CHASING THE FILM SPIRIT: FIVE FROM TSAI MING-LIANG
IN THEATER AND AT HOME THROUGH MARCH 26
Five modern classics from Tsai Ming-liang, haunted by the ghosts and portents of a culture in flux.
in theater
GOODBYE, DRAGON INN
TSAI MING-LIANG / 2003 / 82min / DCP
The Fu-Ho Grand, a movie palace in Taipei, is closing its doors. Its valedictory screening: King Hu’s 1967 wuxia epic Dragon Inn, playing to a motley smattering of spectators, including two stars of Hu’s original opus, Miao Tien and Shih Chun, watching their younger selves with tears in their eyes.
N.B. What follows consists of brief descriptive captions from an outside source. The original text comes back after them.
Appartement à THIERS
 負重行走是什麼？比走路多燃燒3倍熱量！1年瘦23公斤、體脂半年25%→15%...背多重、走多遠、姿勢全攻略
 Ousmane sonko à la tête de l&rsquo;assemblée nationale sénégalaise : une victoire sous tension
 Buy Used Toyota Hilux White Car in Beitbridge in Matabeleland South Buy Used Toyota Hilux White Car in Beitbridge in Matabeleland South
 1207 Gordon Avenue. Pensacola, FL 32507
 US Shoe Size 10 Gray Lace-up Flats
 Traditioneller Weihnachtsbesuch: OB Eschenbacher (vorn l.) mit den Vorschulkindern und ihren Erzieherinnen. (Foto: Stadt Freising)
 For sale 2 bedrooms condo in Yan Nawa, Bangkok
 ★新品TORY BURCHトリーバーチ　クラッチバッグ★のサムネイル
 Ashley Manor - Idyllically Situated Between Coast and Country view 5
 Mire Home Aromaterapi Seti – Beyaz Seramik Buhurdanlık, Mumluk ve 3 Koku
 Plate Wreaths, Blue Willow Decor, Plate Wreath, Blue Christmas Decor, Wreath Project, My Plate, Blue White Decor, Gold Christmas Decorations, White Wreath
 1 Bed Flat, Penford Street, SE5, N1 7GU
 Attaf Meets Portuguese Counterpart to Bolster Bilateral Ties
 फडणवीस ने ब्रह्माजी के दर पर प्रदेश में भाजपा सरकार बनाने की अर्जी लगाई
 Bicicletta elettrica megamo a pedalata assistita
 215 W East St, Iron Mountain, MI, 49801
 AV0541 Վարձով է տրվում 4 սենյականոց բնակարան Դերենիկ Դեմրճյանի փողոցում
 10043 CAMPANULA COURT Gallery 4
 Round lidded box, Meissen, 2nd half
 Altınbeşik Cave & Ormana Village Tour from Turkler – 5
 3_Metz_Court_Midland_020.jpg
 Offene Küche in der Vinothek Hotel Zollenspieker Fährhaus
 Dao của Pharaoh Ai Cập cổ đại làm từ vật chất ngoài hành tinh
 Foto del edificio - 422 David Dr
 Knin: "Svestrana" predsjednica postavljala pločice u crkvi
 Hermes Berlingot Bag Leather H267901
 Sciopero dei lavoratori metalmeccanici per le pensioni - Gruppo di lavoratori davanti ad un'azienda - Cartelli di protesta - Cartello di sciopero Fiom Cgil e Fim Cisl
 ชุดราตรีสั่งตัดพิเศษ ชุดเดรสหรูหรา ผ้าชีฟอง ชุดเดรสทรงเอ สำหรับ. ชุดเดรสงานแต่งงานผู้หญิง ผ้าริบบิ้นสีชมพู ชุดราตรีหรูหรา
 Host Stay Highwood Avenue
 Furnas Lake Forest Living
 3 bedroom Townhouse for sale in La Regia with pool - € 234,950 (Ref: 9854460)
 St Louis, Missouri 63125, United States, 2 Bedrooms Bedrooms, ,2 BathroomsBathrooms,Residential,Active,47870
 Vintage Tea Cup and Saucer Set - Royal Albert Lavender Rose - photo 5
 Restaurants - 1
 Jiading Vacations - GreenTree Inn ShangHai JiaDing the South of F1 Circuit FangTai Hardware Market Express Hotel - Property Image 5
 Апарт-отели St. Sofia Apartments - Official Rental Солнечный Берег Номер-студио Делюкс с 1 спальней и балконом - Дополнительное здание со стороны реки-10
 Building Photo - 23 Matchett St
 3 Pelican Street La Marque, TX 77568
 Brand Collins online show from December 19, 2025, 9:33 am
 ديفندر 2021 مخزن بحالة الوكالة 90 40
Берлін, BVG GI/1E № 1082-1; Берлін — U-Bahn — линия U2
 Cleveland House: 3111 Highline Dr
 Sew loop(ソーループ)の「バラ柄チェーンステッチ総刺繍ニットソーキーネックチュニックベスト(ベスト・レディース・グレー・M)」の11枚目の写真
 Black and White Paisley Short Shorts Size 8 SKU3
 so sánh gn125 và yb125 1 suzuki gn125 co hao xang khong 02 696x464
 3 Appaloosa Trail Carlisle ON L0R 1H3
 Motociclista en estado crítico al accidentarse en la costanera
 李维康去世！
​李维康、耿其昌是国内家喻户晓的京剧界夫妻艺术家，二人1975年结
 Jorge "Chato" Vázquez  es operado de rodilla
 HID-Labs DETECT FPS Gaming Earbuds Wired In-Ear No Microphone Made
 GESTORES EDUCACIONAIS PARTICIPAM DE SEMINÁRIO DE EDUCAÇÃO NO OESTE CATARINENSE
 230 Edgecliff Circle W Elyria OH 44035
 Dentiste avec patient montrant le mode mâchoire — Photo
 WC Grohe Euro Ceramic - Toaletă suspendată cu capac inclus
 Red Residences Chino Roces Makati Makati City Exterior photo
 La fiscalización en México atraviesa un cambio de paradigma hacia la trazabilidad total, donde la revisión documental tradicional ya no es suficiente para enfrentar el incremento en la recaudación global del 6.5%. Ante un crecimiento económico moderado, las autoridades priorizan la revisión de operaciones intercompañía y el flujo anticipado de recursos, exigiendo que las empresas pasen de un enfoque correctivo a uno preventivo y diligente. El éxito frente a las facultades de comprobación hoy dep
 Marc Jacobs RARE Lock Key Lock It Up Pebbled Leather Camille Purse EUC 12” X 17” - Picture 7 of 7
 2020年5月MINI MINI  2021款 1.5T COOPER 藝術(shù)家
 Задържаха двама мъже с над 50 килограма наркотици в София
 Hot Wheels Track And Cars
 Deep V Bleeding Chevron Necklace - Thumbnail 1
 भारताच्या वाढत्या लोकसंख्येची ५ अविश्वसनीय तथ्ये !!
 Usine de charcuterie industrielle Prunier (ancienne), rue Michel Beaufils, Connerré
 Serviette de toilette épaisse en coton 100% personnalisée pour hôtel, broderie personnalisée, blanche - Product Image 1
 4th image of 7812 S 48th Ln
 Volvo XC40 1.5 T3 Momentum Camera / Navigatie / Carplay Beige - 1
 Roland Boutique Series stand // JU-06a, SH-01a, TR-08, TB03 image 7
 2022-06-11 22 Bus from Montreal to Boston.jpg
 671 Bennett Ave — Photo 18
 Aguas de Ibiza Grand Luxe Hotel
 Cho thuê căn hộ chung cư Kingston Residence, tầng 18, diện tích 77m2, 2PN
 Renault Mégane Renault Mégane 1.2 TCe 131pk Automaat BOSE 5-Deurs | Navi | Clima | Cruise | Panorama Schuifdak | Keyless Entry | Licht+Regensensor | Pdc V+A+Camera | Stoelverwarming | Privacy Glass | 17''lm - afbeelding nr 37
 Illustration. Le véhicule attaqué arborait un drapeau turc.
Developing the slyest, most delicate of character arcs involving a lovelorn usherette, a Japanese tourist cruising for companionship, and an oblivious projectionist played by Lee Kang-sheng, Tsai crafts a film both powerfully plangent and deadpan funny. The sense that moviegoing as a communal experience is slipping away takes on a profound and painful resonance in Goodbye, Dragon Inn, a film too multifaceted to reduce to a simple valentine to the age of pre-VOD cinephilia.
PLAYING AT METROGRAPH THROUGH MARCH 20
VIVE L'AMOUR
TSAI MING-LIANG / 1994 / 118min / DCP
Tsai’s second theatrical feature drew understandable comparisons to Antonioni’s chilly studies in urban ennui on its initial release, but this bizarre love triangle—Chen Chao-jung and Yang Kuei-mei meet for illicit rendezvous in an “empty” apartment in Taipei where, unbeknownst to them, a depressive Lee Kang-sheng is hiding out—found the Taiwanese master developing his own, utterly distinct style, distinguished by elegantly composed static takes, perverse deadpan comedy, and lovelorn longing. A disarmingly funny masterclass in cinematic economy and, in its final scene in the then-unfinished Daan Forest Park, utterly devastating.